Ramped-up oil production in Russia and Iraq are likely to push world oil prices down, exhausting Alaska's budget reserves by 2007, according to the state Department of Revenue.
But high oil prices today will make it easier to balance the budget this year, said Revenue Commissioner Bill Corbus.
"Matters which could affect the near-term volatility of the price of oil are the increasing global demand for oil, the Iraqi oil production, non-OPEC oil production - in particular that of Russia - and finally the following value of the American dollar," Corbus said, during a Friday press conference following the release of the department's fall revenue forecast.
The 2005 state budget - which covers July 2004 to June 2005 - will be released Monday by Gov. Frank Murkowski, who has said he will use no more than $400 million from the state savings account to cover the fiscal gap.
That leaves lawmakers $173.5 million to find in budget cuts or taxes next year. The gap will grow 40 percent to $806 million in 2006, the Revenue Department predicts.
It also said the average price of a barrel of oil from the North Slope will average $27.70 in fiscal year 2004, Corbus said. That price will drop just over $3 a barrel to $24.65 a barrel in 2005. In future years it will drop to $22 a barrel.

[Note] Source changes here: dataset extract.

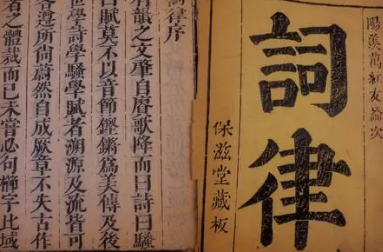 《词律》的作者是谁？主要内容是什么？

The drop in oil price will result in a $300 million reduction in oil revenue next year, with total oil income dropping from $2.02 to $1.72 billion in 2005.
Corbus said he expects the state to maintain an average production of 978,000 barrels of oil a day from fiscal year 2004 through fiscal year 2007. Oil production, which accounts for over 80 percent of Alaska's revenue, has gradually declined by about half since a peak in 1989 of 2 million barrels a day.
Chuck Logsdon, chief petroleum economist for the state, said the Organization of Petroleum Exporting Countries (OPEC) is predicting that Russia and other countries will glut the world oil market.
The state is hoping tax breaks for exploring new wells will attract new development.
"It is of interest to note that by the year 2012 about 19.9 percent of the oil production will come from new developments," Corbus said.
Oil exploration could be spurred by a controversial tax break for oil companies that was passed by the Legislature this year. The law gives a 20 percent tax credit to oil companies for drilling exploration wells at least three miles from existing wells.
The tax break could cost $50 to $100 million a year and critics argue that new exploration wells would have been drilled anyway.
Logsdon said there are four prospective wells that might qualify for the credit, but added the state won't know whether it has a firm commitment until as late as next April.
The state also is hoping to capture incremental revenue from satellite wells on the North Slope, National Petroleum Reserve-Alaska wells and production on the Beaufort Sea, Logsdon said.